# FINALLY able to find time to shoot! CC Welcome



## TylerF (Mar 2, 2013)

I have been very busy lately with work, switching jobs, moving into a new apartment and have not been able to find time to touch my camera. Well I finally decided I want my niche or specialty to be automotive photography. Low and behold, right after I make that decision, an automotive show came to town lol. Less than ideal environment, but I got a few keepers. Let me know what you think!


----------



## manaheim (Mar 2, 2013)

They look squished.  Real closeup using wide angle?

Also serious light dropoff problem with that Porsche.


----------



## TylerF (Mar 2, 2013)

the mazda was close up with a wide lens, the ford was kinda close but its a tiny compact car so it looks odd from the start lol. It was really cramped in there lol. I also uploaded the wrong photo of the porsche, I tried to dodge a bit of the top to being the black out, but the background was all windows at night (terrible reflections lol) the right one is up now. not much better, but I dont mind it.


----------



## KmH (Mar 3, 2013)

The Corvette and Mazda both looks under exposed if the car colors are white.
For me the Mazda grill area, front valence is to dark.
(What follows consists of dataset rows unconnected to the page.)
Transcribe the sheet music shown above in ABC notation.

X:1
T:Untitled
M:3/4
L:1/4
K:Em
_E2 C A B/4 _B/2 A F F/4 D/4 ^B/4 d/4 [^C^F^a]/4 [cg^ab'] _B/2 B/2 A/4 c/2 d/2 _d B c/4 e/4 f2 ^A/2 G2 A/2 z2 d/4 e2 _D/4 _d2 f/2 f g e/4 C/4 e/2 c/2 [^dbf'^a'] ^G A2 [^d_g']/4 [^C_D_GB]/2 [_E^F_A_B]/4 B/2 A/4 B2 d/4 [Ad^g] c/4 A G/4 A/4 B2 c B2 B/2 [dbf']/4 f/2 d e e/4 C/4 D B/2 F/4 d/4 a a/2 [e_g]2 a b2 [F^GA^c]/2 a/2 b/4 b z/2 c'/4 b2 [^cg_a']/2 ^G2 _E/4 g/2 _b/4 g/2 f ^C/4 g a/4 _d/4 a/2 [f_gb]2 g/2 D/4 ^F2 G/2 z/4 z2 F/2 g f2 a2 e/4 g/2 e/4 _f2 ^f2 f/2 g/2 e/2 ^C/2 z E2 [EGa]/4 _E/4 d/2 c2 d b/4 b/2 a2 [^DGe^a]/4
I liked to also light car interiors when I did car shoots.

As mentioned, because of the light fall off, or lack of light, they all look like you didn't have enough lights, and/or used light modifiers that were to small.


----------



## PropilotBW (Mar 3, 2013)

I like the Vette shot.


----------



## texkam (Mar 3, 2013)

Softer light would help these.


----------



## gw2424 (Mar 3, 2013)

You can tell that #1 is begging for a lower perspective. Then on 2 and 3 go for a 3/4 shot (Especially 3).


----------



## TylerF (Mar 3, 2013)

I wish I had control over my lighting/positioning lol. I was at a car show (aka a car every 3 feet, terrible indoor lights with high ceilings and about 300 people.


----------



## KrisztinaK (Mar 3, 2013)

I think these are pretty good considering the circumstances.  It's really challenging making something work well when you have no control over the setting.
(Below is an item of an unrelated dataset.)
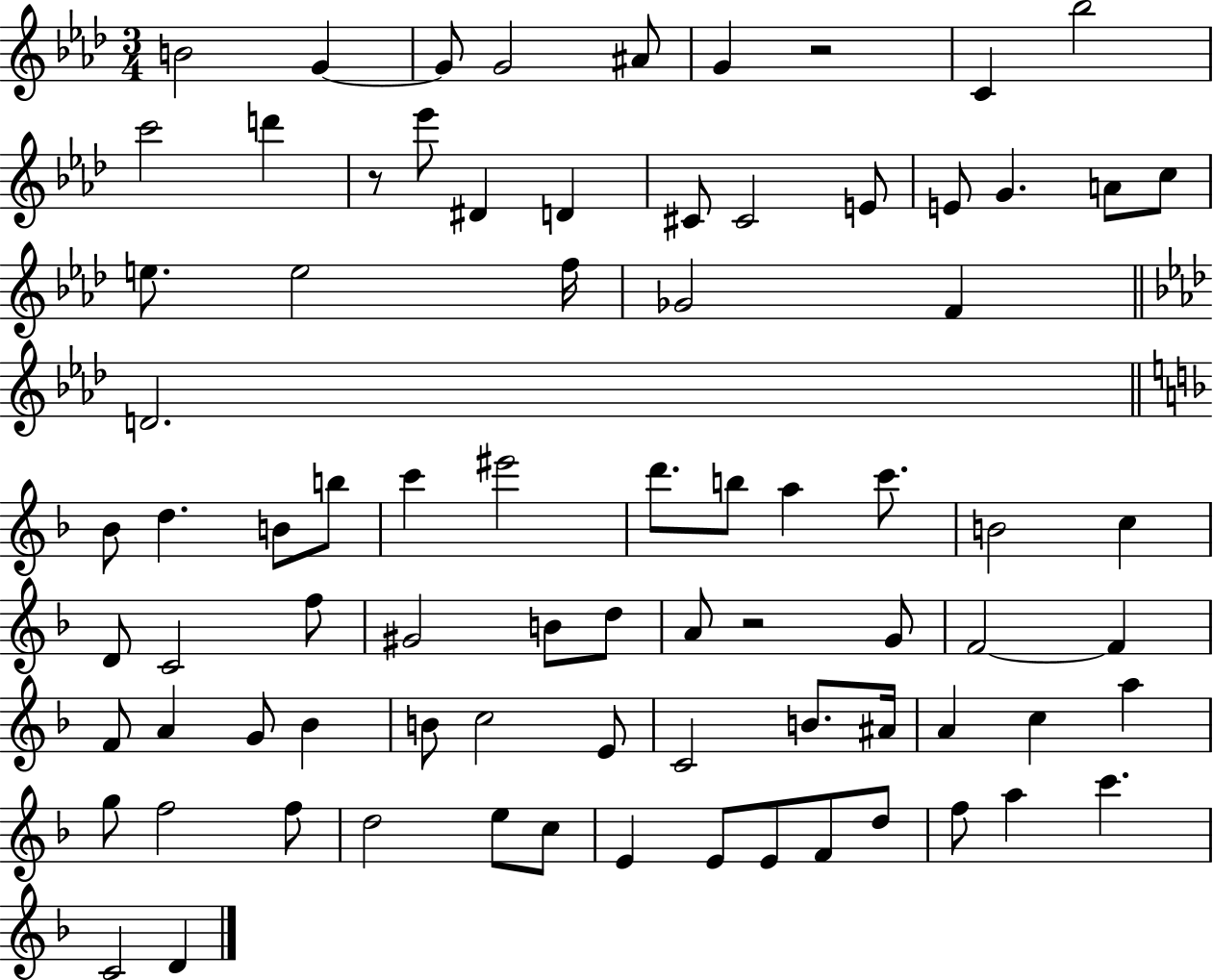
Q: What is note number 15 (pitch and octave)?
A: C#4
I can't help but wonder if you had replaced the background in any of these ?
I've never been to a car show so have no real reference to what the setups look like IRL.


----------



## KmH (Mar 3, 2013)

TylerF said:


> I wish I had control over my lighting/positioning lol. I was at a car show (aka a car every 3 feet, terrible indoor lights with high ceilings and about 300 people.


You still control the exposure, and if allowed, could have used some on/off camera flash.

Posting in the Commercial/Product Photography forum pretty much implies you have total control of the shot.


----------



## TylerF (Mar 3, 2013)

KmH said:


> TylerF said:
> 
> 
> > I wish I had control over my lighting/positioning lol. I was at a car show (aka a car every 3 feet, terrible indoor lights with high ceilings and about 300 people.
> ...



I see your point. I guess I was unsure on where to post. If you want to move it, I'm ok with that. 

Ill post before pics to show you what the conditions were btw (for whoever asked)


----------



## imagemaker46 (Mar 3, 2013)

For what they are, basic shots at a car show they are ok. They aren't great and they aren't bad, just pictures.


----------